Uniformity and difference-in-differences

Earlier, I posted on Facebook about some problems with the analysis conducted by Yap and Contreras on 34 time periods sampled from 92,509 possible time periods, representing each and every precinct. In part of that post I discussed Contreras’s interpretation of high R-squared as representing uniform changes, and said that he was half right.

I gave Contreras too much credit here. Someone pointed out that an R-squared very close to 1 doesn’t even mean that the increase will always be close to 46,000, it means that the model explains almost all the variability around the mean of 46,000. A model fit to a tight zigzag can still have an R-squared near 1, which means that the line and the data are still pretty damn close to one another, but doesn’t tell you anything about whether the model systematically overpredicts or underpredicts at any given point. See this article for more information.

In order to directly check the claim of uniformity, here’s what should be done:

STEP 1. Get all 92,509 precincts in the order in which they transmitted.
STEP 2. Create a new set of 92,508 points. Yes, 92,508. Each point will be (difference in vote share after precinct 2 – difference in vote share after precinct 1), (difference in vote share after precinct 3 – difference in vote share after precinct 2), etc. That’s why it’ll be 1 less than 92,509.
STEP 3. Make a plot with the x-axis being 1 to 92,508 and the y-axis being the difference in differences (yeah, that’s confusing, but that’s what it is). Then run a linear regression model.

To reiterate: we are now plotting how much the gap changes every time a new precinct is added, rather than the gap itself.

IF each time a precinct transmits, the vote gaps are increasing uniformly, which would indeed indicate some major bullshit going on and prove Contreras’s point, you should expect the plot in Step 3 to be a flat horizontal line. The R-squared of the regression should be close to exactly 0.5.

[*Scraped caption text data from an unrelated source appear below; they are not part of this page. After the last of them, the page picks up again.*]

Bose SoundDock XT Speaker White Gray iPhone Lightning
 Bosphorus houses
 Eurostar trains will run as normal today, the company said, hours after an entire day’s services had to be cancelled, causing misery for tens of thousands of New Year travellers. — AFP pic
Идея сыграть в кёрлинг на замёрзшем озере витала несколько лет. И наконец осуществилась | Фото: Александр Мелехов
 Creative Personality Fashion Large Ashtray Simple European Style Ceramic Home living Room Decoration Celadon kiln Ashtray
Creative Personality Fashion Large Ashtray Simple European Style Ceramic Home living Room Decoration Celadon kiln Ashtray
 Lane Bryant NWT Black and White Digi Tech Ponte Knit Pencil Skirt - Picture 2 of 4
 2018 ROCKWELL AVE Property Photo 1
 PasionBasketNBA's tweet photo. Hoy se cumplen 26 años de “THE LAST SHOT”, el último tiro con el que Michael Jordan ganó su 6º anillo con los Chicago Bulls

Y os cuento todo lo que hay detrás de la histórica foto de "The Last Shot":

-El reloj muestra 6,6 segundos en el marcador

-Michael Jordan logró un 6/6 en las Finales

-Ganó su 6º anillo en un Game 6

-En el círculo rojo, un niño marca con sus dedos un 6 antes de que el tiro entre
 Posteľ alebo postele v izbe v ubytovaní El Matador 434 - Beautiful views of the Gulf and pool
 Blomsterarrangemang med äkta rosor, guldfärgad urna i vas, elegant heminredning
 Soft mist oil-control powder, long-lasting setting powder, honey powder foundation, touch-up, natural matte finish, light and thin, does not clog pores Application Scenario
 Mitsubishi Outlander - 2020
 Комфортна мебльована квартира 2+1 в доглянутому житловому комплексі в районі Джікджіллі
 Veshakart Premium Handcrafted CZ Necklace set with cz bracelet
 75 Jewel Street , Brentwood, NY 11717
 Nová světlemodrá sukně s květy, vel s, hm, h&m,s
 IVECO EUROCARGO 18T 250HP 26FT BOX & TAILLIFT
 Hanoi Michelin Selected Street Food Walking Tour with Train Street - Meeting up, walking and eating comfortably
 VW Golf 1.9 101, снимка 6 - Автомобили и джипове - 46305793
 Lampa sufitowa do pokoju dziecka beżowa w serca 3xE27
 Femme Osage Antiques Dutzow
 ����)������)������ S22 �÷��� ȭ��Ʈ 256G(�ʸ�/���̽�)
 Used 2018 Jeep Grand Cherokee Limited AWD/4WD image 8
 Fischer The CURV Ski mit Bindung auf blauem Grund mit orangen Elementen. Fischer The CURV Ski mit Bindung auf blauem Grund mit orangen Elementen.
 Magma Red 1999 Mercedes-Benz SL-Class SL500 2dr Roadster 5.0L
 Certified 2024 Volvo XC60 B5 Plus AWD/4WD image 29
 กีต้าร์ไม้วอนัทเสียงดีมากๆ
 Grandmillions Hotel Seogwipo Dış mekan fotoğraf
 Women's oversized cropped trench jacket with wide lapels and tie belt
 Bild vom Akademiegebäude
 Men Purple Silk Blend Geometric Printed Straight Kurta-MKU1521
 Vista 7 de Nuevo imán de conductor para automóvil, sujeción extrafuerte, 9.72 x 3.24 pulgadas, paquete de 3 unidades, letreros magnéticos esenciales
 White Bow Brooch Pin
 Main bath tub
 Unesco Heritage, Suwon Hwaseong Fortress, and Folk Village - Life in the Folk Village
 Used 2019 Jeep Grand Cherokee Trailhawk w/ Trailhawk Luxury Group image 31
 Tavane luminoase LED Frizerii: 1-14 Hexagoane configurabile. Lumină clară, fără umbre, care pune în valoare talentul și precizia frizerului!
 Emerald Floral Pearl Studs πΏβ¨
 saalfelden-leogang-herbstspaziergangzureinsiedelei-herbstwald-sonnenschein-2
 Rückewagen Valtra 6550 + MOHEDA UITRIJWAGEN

IF each time a precinct transmits, the vote gaps are NOT increasing uniformly, which indicates a normal transmission process, you should expect the plot in Step 3 to have no discernible pattern. The R-squared of the regression should be close to 0.

I will demonstrate with some more simulated data, but what I do below is what should be done with the full data if we ever get it. First, let’s say that after we get all points in, it is indeed as Contreras says – every time a precinct transmits, everyone’s vote totals go up by exactly the same amount, which would be extremely suspicious. I’ll use 400 precincts (time periods) for illustrative purposes, and make two plots: one where precincts in order of transmission are on the x-axis and difference in votes are on the y-axis, and one where the difference in differences are on the y-axis instead.

uniformxyplot

uniformfdplot

Then run a regression model on the data that form the second plot:

lm(formula = z_unif ~ index)
            coef.est coef.se
(Intercept) 1.00     0.00   
index       0.00     0.00   
---
n = 399, k = 2
residual sd = 0.00, R-Squared = 0.50

The R-squared is exactly 50% as expected. I will now plot the estimated regression line on top of the second plot:

uniformfdplotwithfit

Remember that a regression model tries to fit a line to data as best as it can, so it’s not surprising that given uniform data, the regression line overlaps the first-differenced data entirely.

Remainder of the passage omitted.